## Task inputs
*** Block opens ***

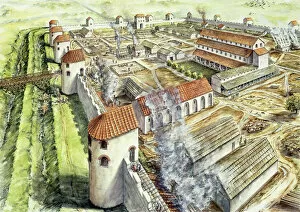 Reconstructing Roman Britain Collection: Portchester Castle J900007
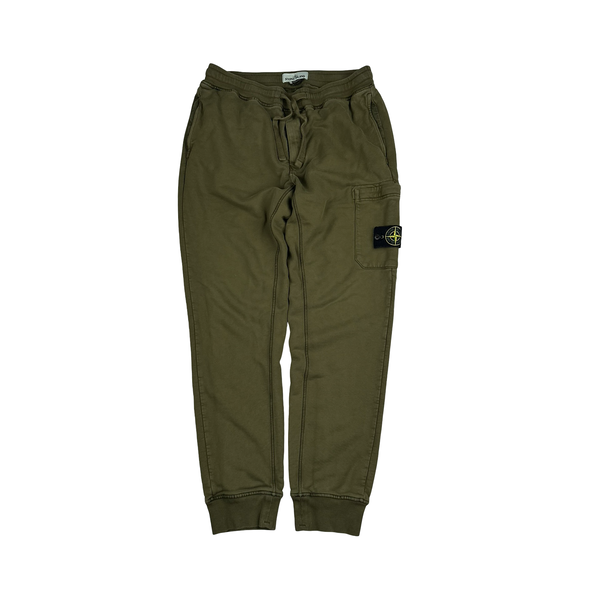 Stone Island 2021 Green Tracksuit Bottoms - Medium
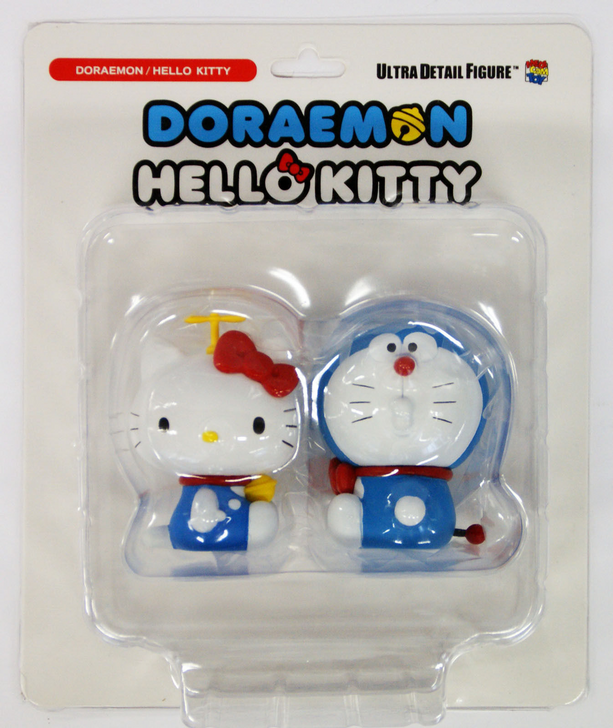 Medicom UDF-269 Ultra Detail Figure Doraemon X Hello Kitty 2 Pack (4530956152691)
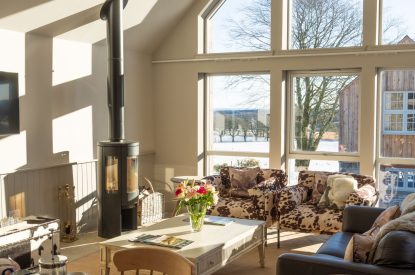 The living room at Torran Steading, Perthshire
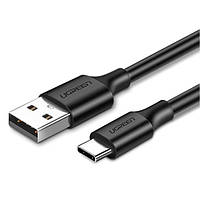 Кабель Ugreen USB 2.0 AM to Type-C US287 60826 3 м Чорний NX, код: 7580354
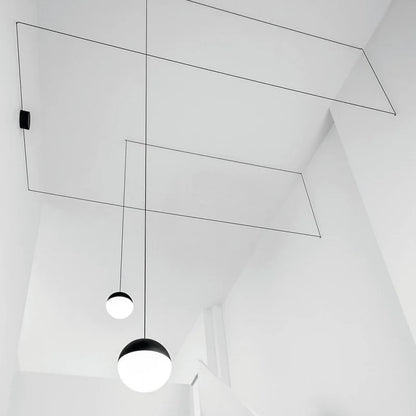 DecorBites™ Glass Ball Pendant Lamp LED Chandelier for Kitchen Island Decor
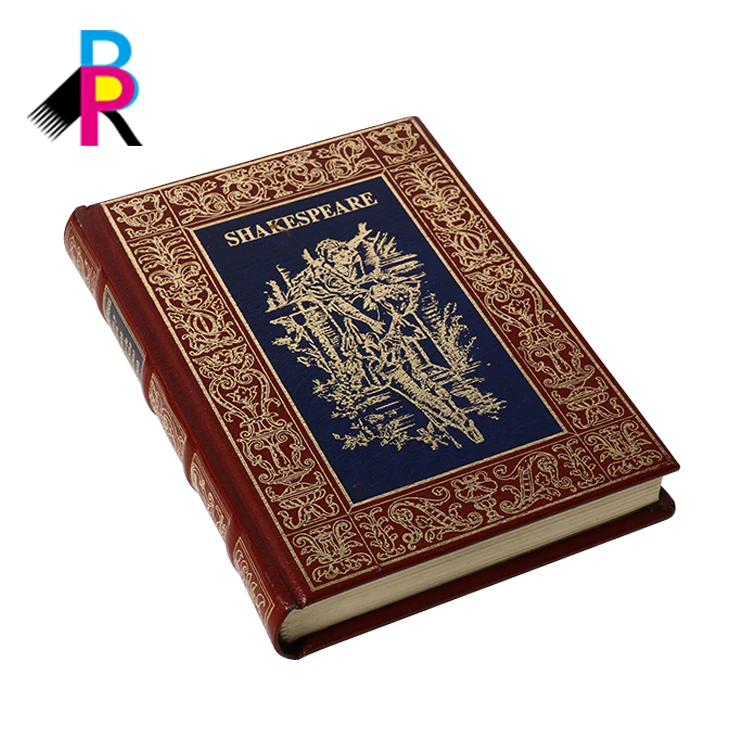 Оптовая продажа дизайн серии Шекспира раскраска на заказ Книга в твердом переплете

*** Block closes ***

## Description of the task
Would you set down every line of the data above exactly, skipping the pictures?

## Final answer
 Reconstructing Roman Britain Collection: Portchester Castle J900007
 Stone Island 2021 Green Tracksuit Bottoms - Medium
 Medicom UDF-269 Ultra Detail Figure Doraemon X Hello Kitty 2 Pack (4530956152691)
 The living room at Torran Steading, Perthshire
 Кабель Ugreen USB 2.0 AM to Type-C US287 60826 3 м Чорний NX, код: 7580354
 DecorBites™ Glass Ball Pendant Lamp LED Chandelier for Kitchen Island Decor
 Оптовая продажа дизайн серии Шекспира раскраска на заказ Книга в твердом переплете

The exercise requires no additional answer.